WSJ editorial.
"Federal subsidies for electric vehicles are an income transfer to the affluent, and now comes news that significant numbers don’t qualify. The Treasury Inspector General for Tax Administration (Tigta) in late September reported that the feds handed out nearly $74 million to undeserving EV owners from 2014 through 2018.
“The [Internal Revenue Service] does not have effective processes to identify and prevent erroneous claims,” said Tigta, meaning filers are applying for credits largely on an honor system. Between confusion over how the credits work and outright fraud, the government is getting fleeced.

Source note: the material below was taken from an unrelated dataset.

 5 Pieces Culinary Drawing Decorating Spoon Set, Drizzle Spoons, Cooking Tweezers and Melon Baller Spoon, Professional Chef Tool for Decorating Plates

Tigta says that of the 239,422 EV credits claimed and received during 2014-2018, it identified 16,510 as potentially erroneous. The numbers could be higher since Tigta used samples of filers who claimed the credit. A significant portion of the Tigta report is redacted for what it calls “law enforcement” reasons, suggesting the feds are either investigating some of this for fraud, or trying to discourage other EV owners from exploiting the system.
But it appears many credits are going to owners of vehicle models that don’t meet requirements under the law; to secondary owners (only “original” owners may claim the credit); and to drivers who are leasing vehicles (only the leasing entity may claim). The Tigta evidence also suggests many owners may not understand—or are ignoring—the phaseout of credits under the law, and claiming the credit above the allowed threshold per company.

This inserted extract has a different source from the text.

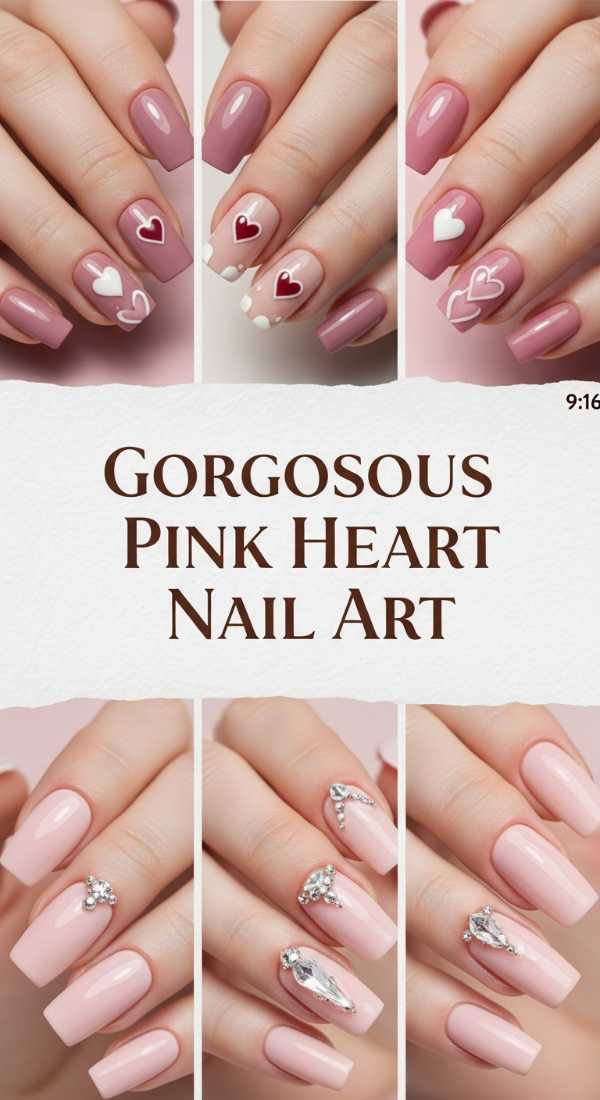 Gorgeous Pink Heart Nail Art 69f32b65413fe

Tigta’s audit comes as auto makers lobby Congress to expand the EV tax credit. The feds currently provide a $7,500 consumer tax break for an auto maker’s first 200,000 cars. The tax credit then drops by half for EVs sold over the next six months, and by half again for another six months. Then it goes away.

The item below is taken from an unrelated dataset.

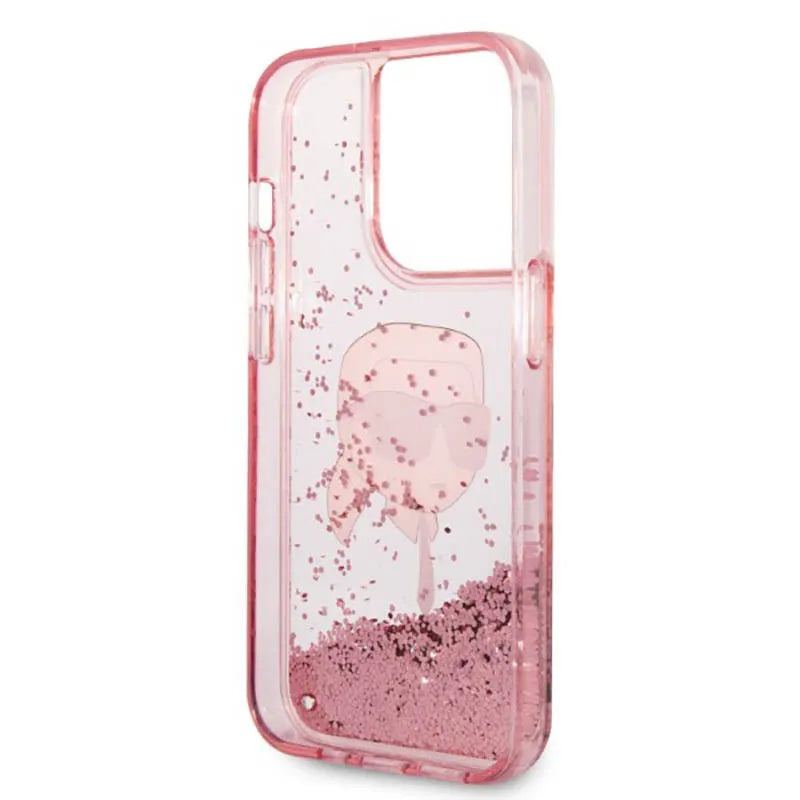 Karl Lagerfeld Liquid Glitter NFT Karl's Head dėklas skirtas iPhone 14 Pro Max (Rožinis)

Tesla and General Motors have hit the 200,000 mark, while others are drawing close. Despite promising that this subsidy would be temporary, auto special pleaders want Congress to double to 400,000 the number of vehicles eligible for credits. They are eyeing a new House energy tax subsidy package as their ride to expansion.
Government data show the EV subsidy mostly benefits the well-to-do. Electric cars are substantially more expensive than average vehicles. A Congressional Research Service study found that almost 80% of the credits were claimed by households with adjusted gross income of more than $100,000. About half of all sales are in California.
Tigta recommends, among other things, that the IRS use Vehicle Identification Number (VIN) data to find errors—which, incredibly, the agency isn’t already doing. A better plan is to let the program expire. Washington has been subsidizing EVs for nearly 30 years, and it’s no longer an infant industry. If all good things must come to an end, the fraud can too."